Natalie se sintió como si un camión se hubiera desviado, entrado en su carril y chocado de frente contra ella. «¿Me quiere despedir?». Tuvo que obligarse a no apoyarse en un asiento.

—Los índices de audiencia no son lo que deben ser —continuó con un tono tan ligero que podría haber estado hablando del tiempo—. ¿Has visto los números con lo que se ha cerrado mayo?

Natalie lo vio como a través de una neblina abrir de golpe una carpeta de color manila. «Qué casualidad que la tuviese tan cerca», pensó aturdida. Él arrojó en su dirección una hoja de papel con el sello de Nielsen y con esas columnas gráficas que no mienten. Pero ella no le prestó atención.

—Claro que los he visto —logró decir—. Pero el declive tiene más que ver con las historias que estás poniendo en el aire y menos con la forma en que yo presento.

—¡Qué interesante, Daniels!

Él abrió entonces otra carpeta que estaba encima de otra pila.

—Cuando yo era director de noticias en KBIT en Dallas, antes de venir aquí, las historias que ponía en el aire nos llevaron al primer lugar. —Le mostró una tabla y sonrió de oreja a oreja—. ¿Quieres intentar otra explicación?
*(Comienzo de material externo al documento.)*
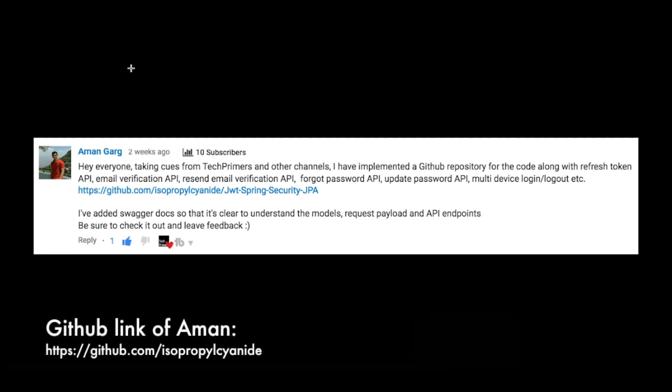In the GitHub repository he has created a product which can do refreshing of tokens, email verification of the API, resending email verifications, forget password features, updating the passwords, and even the multiple login and logout feature.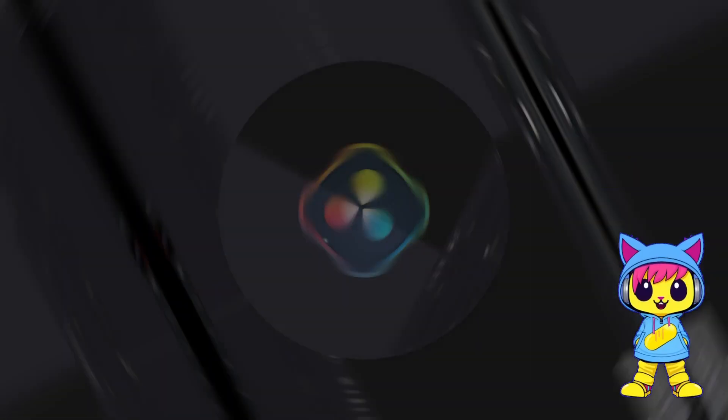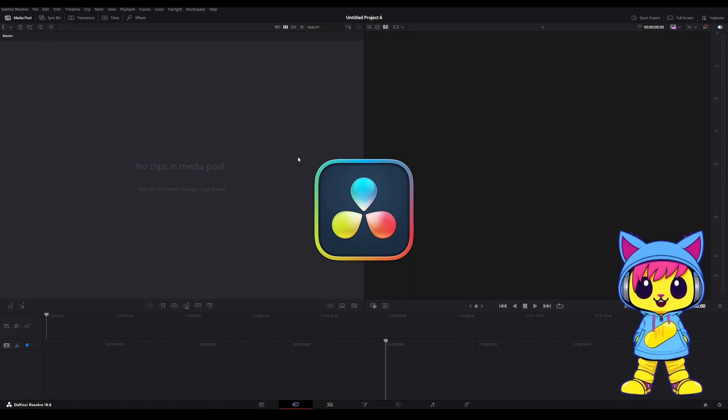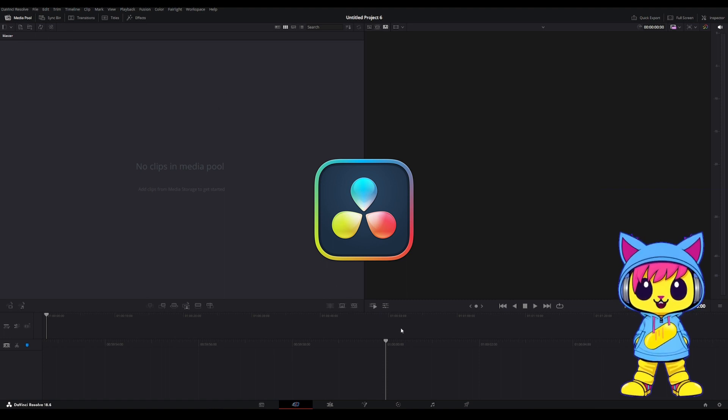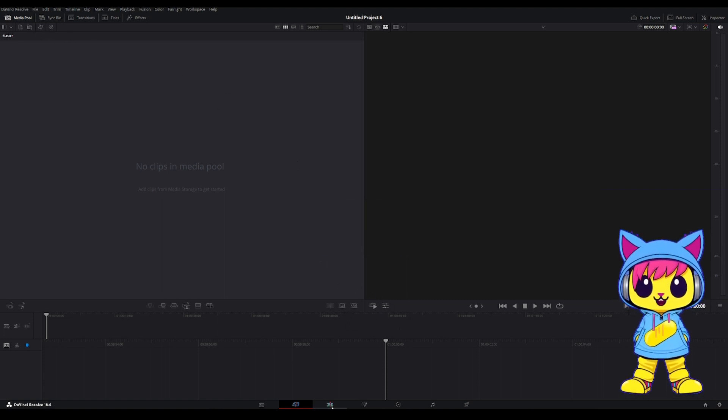Open DaVinci Resolve. I'm using the free version. This is version 18.6, but any newer version should work just fine.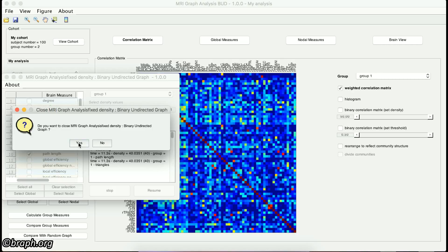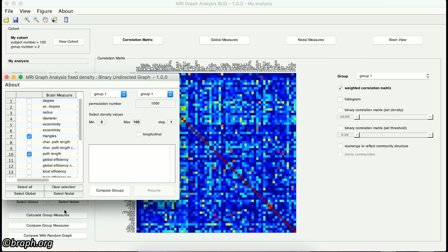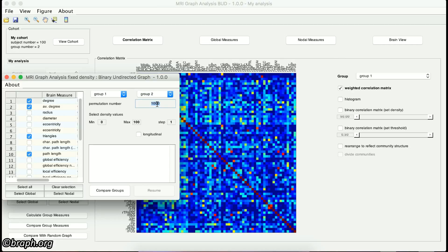If you want to compare two groups of subjects, you should click on the Compare Group Measures button. Again, an interface similar to the previous one appears. After you have selected the measures that you want to be calculated, you should choose the groups that you want to compare. Then type in the number of permutations for the permutation test. And finally, define the minimum and maximum density and the step size. In the case that the comparison is between longitudinal data, click on the Longitudinal checkbox. To start the comparison, click on the Compare Groups button.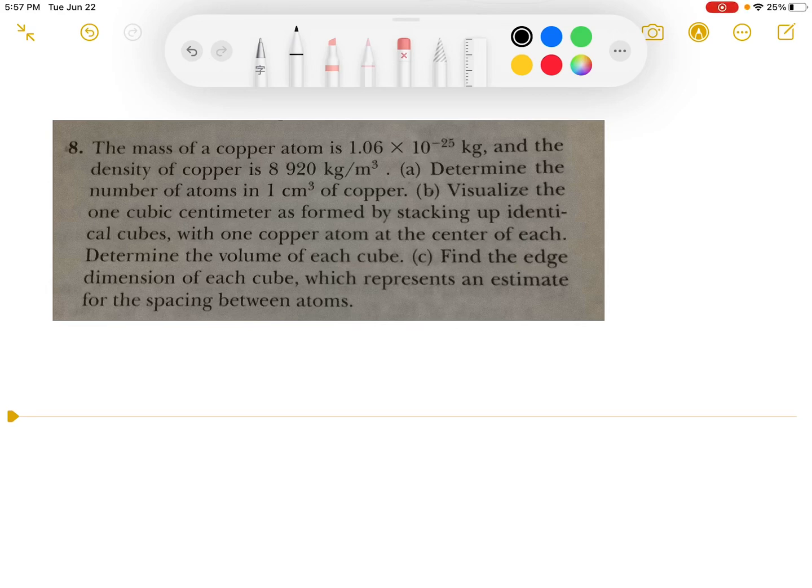Hey everyone! So today we're going to solve a physics problem. First we need to determine the number of atoms in one cubic centimeter of copper.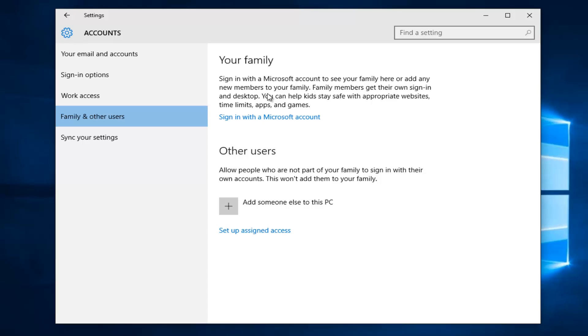At that point they would accept the invitation through their email. They would click on Sign and Join into the home group, and then if you went online, you'd be able to access them within your family group.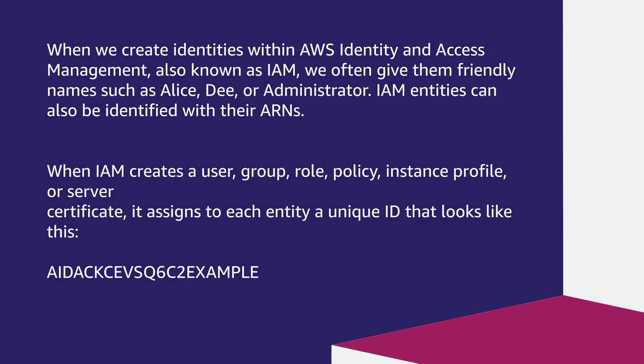When IAM creates a User, Group, Role, Policy, Instance Profile, or Server Certificate, it assigns to each entity a unique ID that looks like this.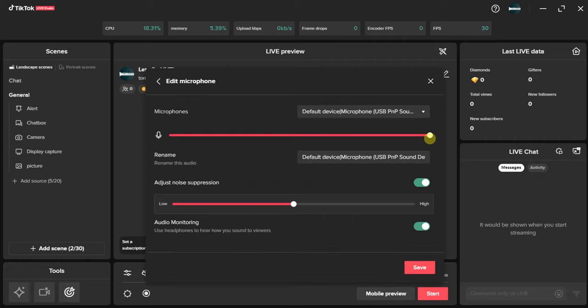You can decide to use either an internal or an external microphone. The internal microphone is the default device microphone, while the external one could be any microphone you purchase to get better audio quality. The external mic gives your live a better audio quality, so you can choose to use an external mic if you have one, or just go with the default device microphone.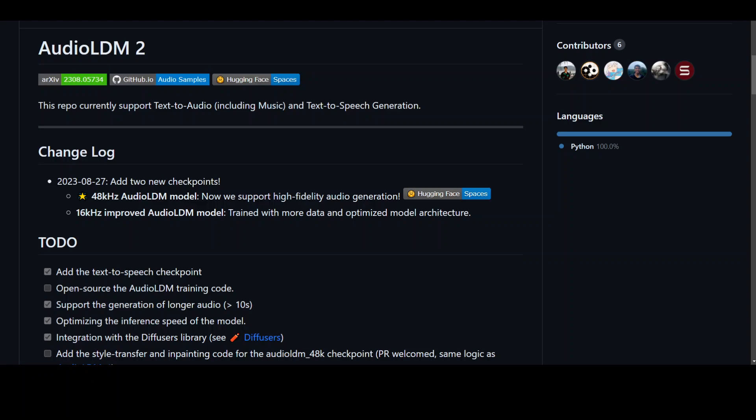In this video, I'm going to show you how to locally install AudioLDM2 on Ubuntu. I'll be using AWS EC2 instance of instance type G4DN2XLarge. Let's get started.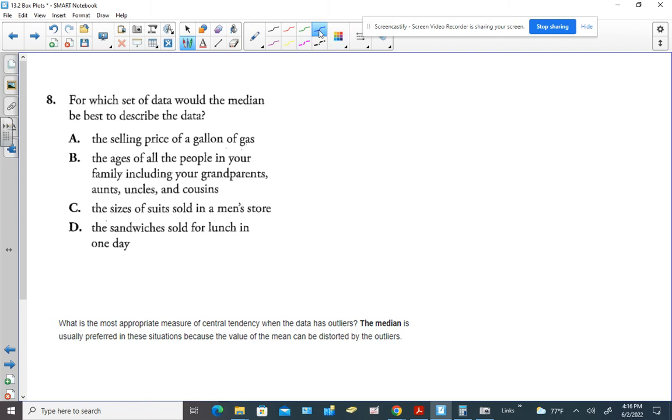Hey everybody, Mrs. Bianchi. We're looking at question number eight. For which set of data would the median be best to describe the data? A. The selling price of a gallon of gas.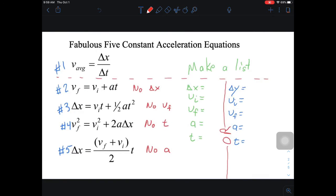As we work through these problem types, we're using fab 5 equations. A quick reminder: you figure out whether it's in the X column or the Y column — if it's moving left and right it's Delta X, if it's moving up and down it's Delta Y. We're just doing left and right for now, so we're working with the Delta X column. You look for key information — numbers with units — fill in the variables, put a question mark next to what you're solving for, and cross off the variable you don't know and don't care about.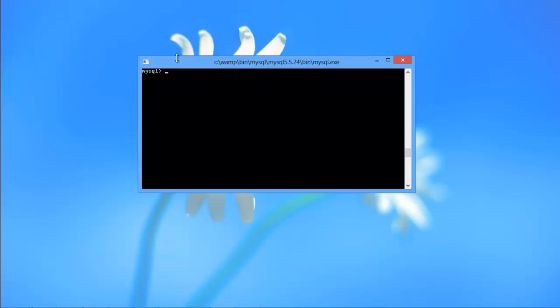For that we have to start with creating a table. Over here, we have to specify in which database we will create the table. In our case, it is an HR database, so write use space HR, semicolon, and hit enter.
Su mente galopaba. Había muchas razones por las que los índices de audiencia bajaban. Los índices siempre se movían como olas del mar. Ningún programa de noticias permanecía en el primer lugar para siempre.

—Yo estoy igual de frustrada que tú con los números —admitió—. Pero fíjate bien en lo que te voy a decir: los números subirán de nuevo con la cobertura del terremoto.

—Bueno —ahora su tono tenía aires de desdén.

Natalie miraba mientras que el hombre que tenía su futuro en sus manos cerraba bruscamente su pila de carpetas de color manila.

—Vamos a ver lo que sucede con los números, Daniels. —Le sonrió—. Vamos a ver.